▸ **Your objective**: Range to repeat from the listing below: the line containing "Zonnebloem met Quote" down to the line containing "Bông tai mạ", both included. Copy it exactly, pictures excluded, and add nothing else.

▸ **Material for this exercise**:

--------------------

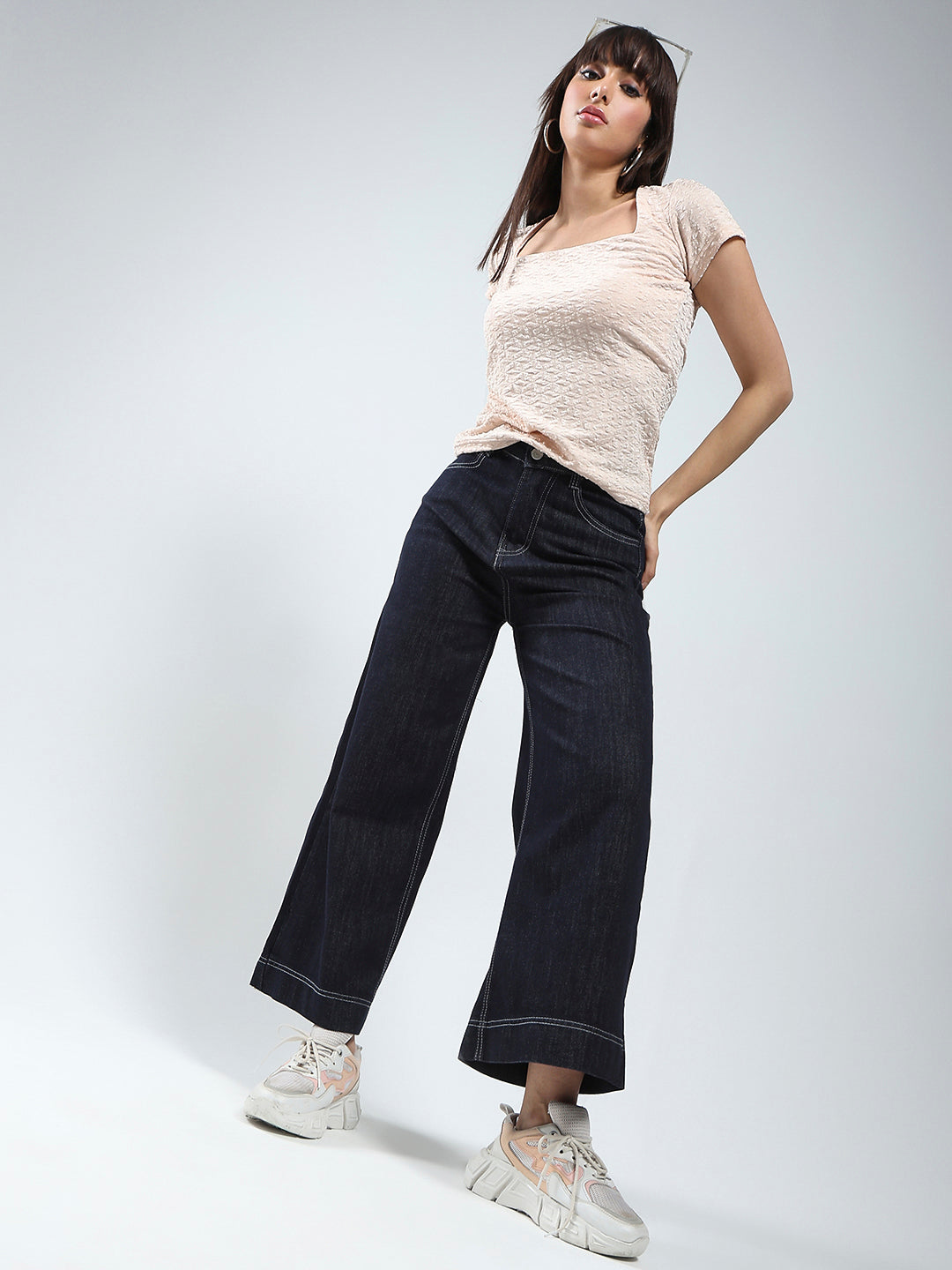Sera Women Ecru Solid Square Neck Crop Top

--------------------

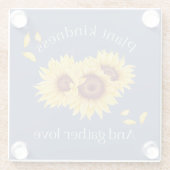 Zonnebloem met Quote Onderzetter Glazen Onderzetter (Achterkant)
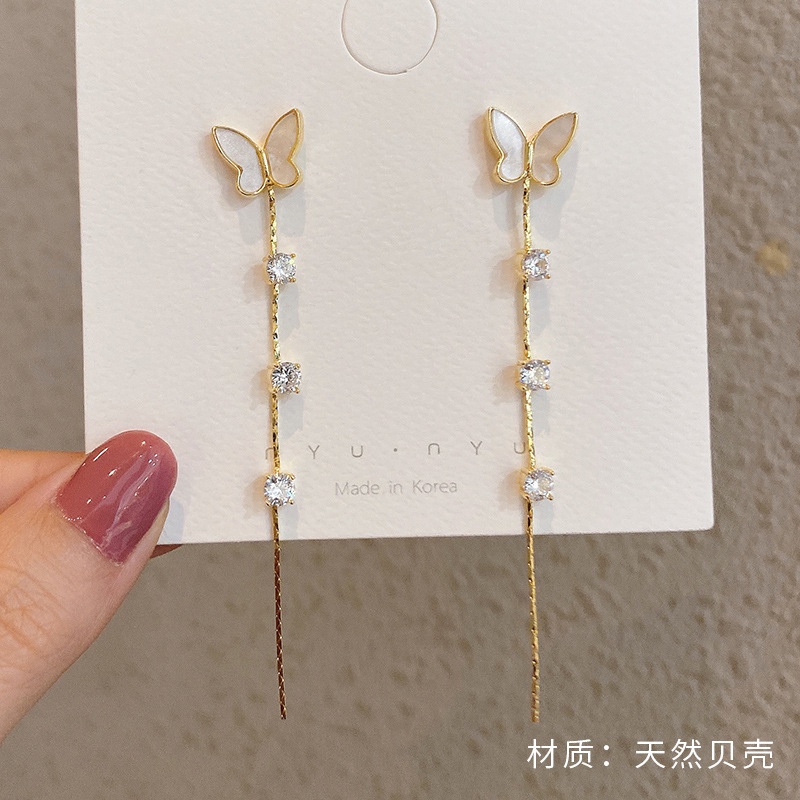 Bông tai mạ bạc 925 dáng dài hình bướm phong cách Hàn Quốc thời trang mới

--------------------

▸ **Solution to the exercise**:
 Zonnebloem met Quote Onderzetter Glazen Onderzetter (Achterkant)
 Bông tai mạ bạc 925 dáng dài hình bướm phong cách Hàn Quốc thời trang mới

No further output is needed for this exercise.